La CGT a dénoncé hier « une provocation du président de la République » qui « vise à détourner et à récupérer le 1er mai par l'annonce d'un rassemblement de ses partisans, à Paris, ce jour-là, sur le thème fallacieux du ''vrai travail''». Pour elle, « cette opération n'a d'autre objectif que de diviser les salariés et stigmatiser leurs organisations syndicales ».

Lundi, la CFDT avait également jugé « inquiétant d'entendre des responsables politiques s'auto-désigner uniques représentants des travailleurs en détournant l'objet du 1er mai ».

« La fête du travail, c'est Pétain »

Annick Coupé, déléguée générale de Solidaires, n'y va pas par quatre chemins pour en expliquer le sens : « Il s'agit clairement d'une entreprise de drague des voix du Front national pour le deuxième tour de la présidentielle, dans lequel Nicolas Sarkozy est en difficulté », a-t-elle affirmé. « Il veut opposer ceux qui travaillent aux ''assistés'' : c'est la rhétorique du Front national », argue-t-elle.

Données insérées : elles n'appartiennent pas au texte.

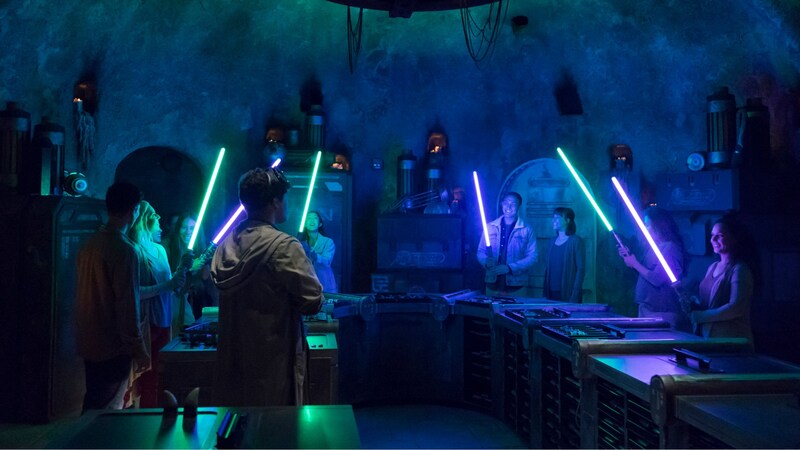Un grupo de Visitantes hace sables de luz en Savi’s Workshop, en Star Wars: Galaxy’s Edge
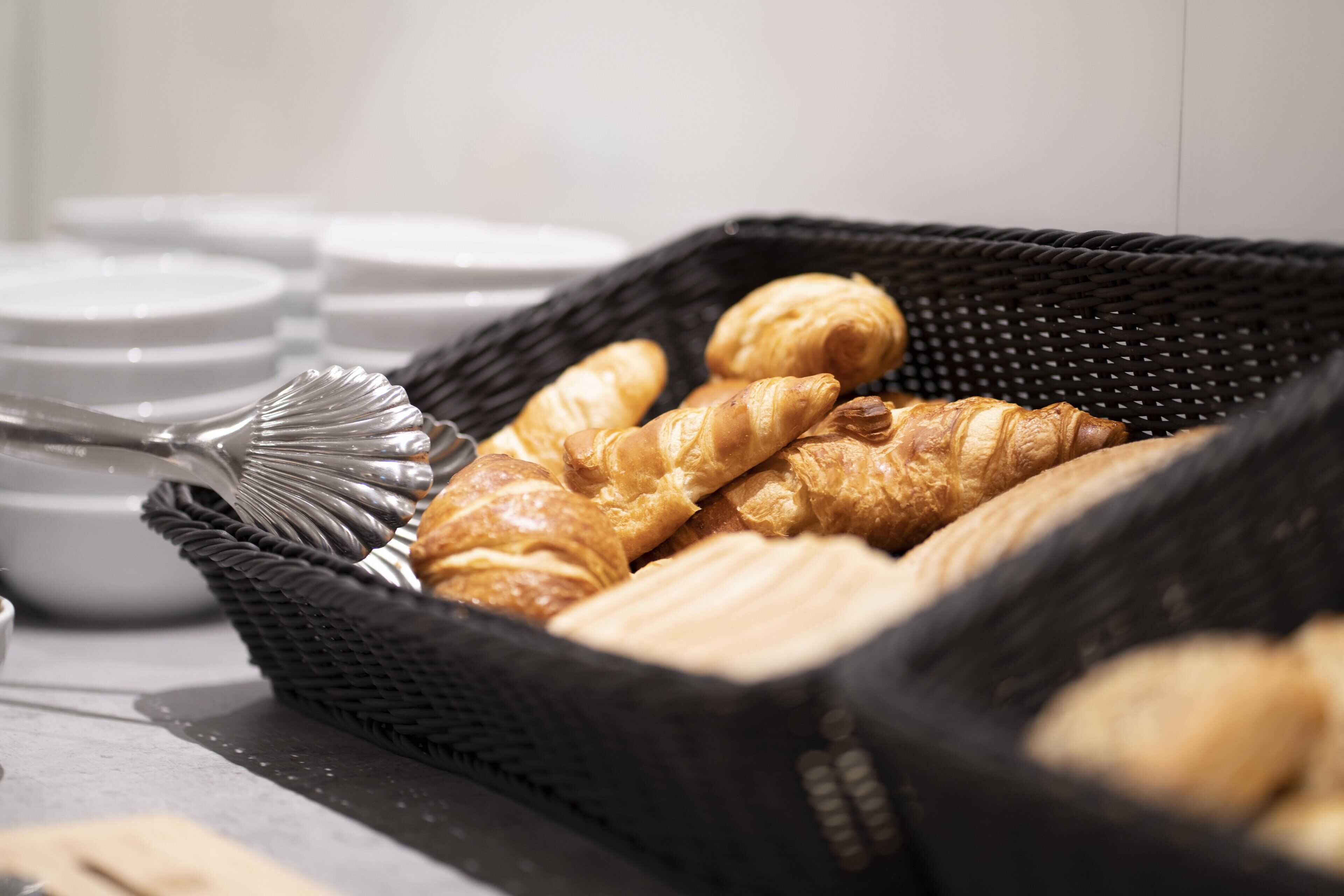 Una cesta de cruasanes y un tenedor sobre una mesa.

« Le 1er mai appartient au monde du travail, aux salariés et aux organisations sociales », a relevé Nadine Prigent, secrétaire confédérale de la CGT. Elle a trouvé « choquant » qu'« un président en mauvaise posture électorale vienne nous parler du travail, alors qu'il l'a ignoré pendant cinq ans ».

« Le 1er mai c'est la fête des travailleurs, et pas la fête du travail qui est une notion pétainiste », a renchéri Annick Coupé. Un fait historique également rappelé par Jean-Claude Mailly leader de Force ouvrière : « Le 1er mai, ce n'est pas la fête du travail, c'est Pétain qui a inventé ça, le 1er mai c'est une journée internationale de solidarité et de revendications », a-t-il souligné en dénonçant une « récupération politique ».

Seule la CFTC a fait savoir qu'elle ne participerait pas au niveau confédéral aux traditionnels défilés du 1er mai, laissant toutefois à ses adhérents la liberté de « se mobiliser comme ils le souhaitent ».